How to Use Stratified Sampling

If the distribution of target values is skewed greatly, it may be necessary to create a build data set with an artificially balanced distribution. For example, fraud detection or response to a marketing campaign may have a positive target value 1% of the time or less. Any data mining algorithm usually needs more positive examples to learn the factors that differentiate positive from negative target values. Therefore, it is necessary to sample from the source data in a manner that captures an artificially large segment of positive values along with negative values so that the model is created with a well-defined profile of individuals with positive target values.

Note that even if the build data is a stratified sample, the test data must have the natural distribution. The steps required involve first splitting the data into Build and Test subsets using the Split transformation, then creating a stratified sample of the Build data set for input to the build process.

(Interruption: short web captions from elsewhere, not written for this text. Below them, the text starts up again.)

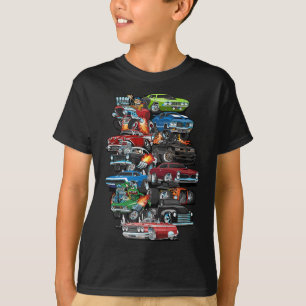 Autowahn! Muscle Cars, Oldtimer und Hot Rods T-Shirt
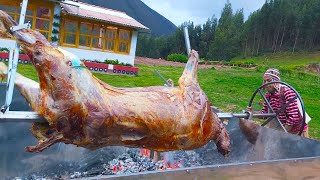 ASADO de un T0R0 ENTERO 😱ÉPICO  Cholo aquiles [upl. by Creath881]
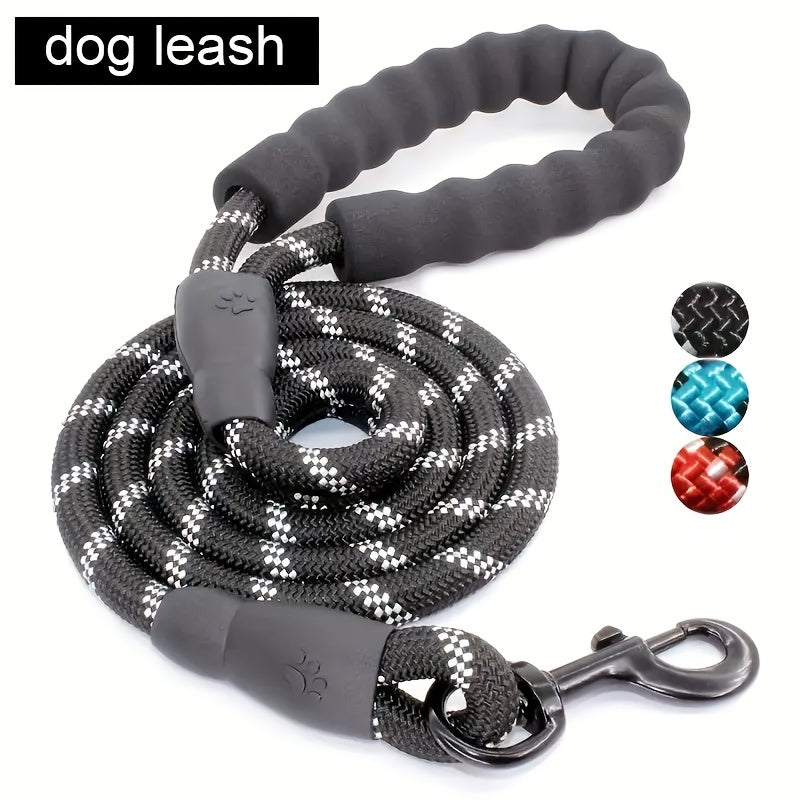 JMT-562250 Elastic Dog Leash with Padded Handle for Comfortable Jogging and Training, 5 Feet Reflective Rope and Adjustable Waist Belt for Hands-Free Pet Walking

NOTE: The Stratified Sample wizard does not do over-sampling.

Follow these steps to build a stratified sample to use as the build data set:

  1. Use Data | Transform | Split to create build and test data sets. Suppose that the build data set is named MYBUILDDATA.
  2. Determine the distribution of values for the target in the build data set. You may be able to use Show Summary Single-Record or Show Summary Multi-Record to do this, if the sample size used to create the histogram of the target is the same as the number of records in MYBUILDDATA.

    You can always use Tools | SQL Worksheet to find this information. For example, if the data set is named MYBUILDDATA and the target is named TARGET, the following query returns the number of cases where TARGET=1:

    SELECT COUNT(*) FROM MYBUILDDATA WHERE TARGET=1;

    Make a note of the numbers of positive and negative cases.

  3. Use Data | Transform | Stratified Sample to create the stratified sample. Select the build data set that you just created using Split. In Step 3 of the wizard, select the target attribute from the Attribute pulldown list.

    The goal is to create a sample with approximately equal numbers of positive and negative values for the target attribute. Click the radio button next to Sample Size and enter a value equal to twice the number of positive target values in the build data set. If you have 100 positive values, you want to create a sample with 100 positive and 100 negative values; that is, a Sample Size of 200. Click Next.

  4. In step 4 of Stratified Sample, note the original distribution percentages for use during the model build phase; for example, the values in the Sample Distribution column are 9% positive cases (1) and 91% negative cases (0). Edit the values in the Sample Distribution column so that they are both 50.0 (that is, the values are equal and add up to 100.000). Click Next and then Finish to create the table. This new table is the one that you will use to build the model.

Once the table is created, you can use the appropriate version of Show Summary to display a histogram of the target attribute. Note that due to the sampling method, the totals are not quite identical.

For an example of creating a stratified sample and using it to build a model, see the Oracle Data Mining Tutorial.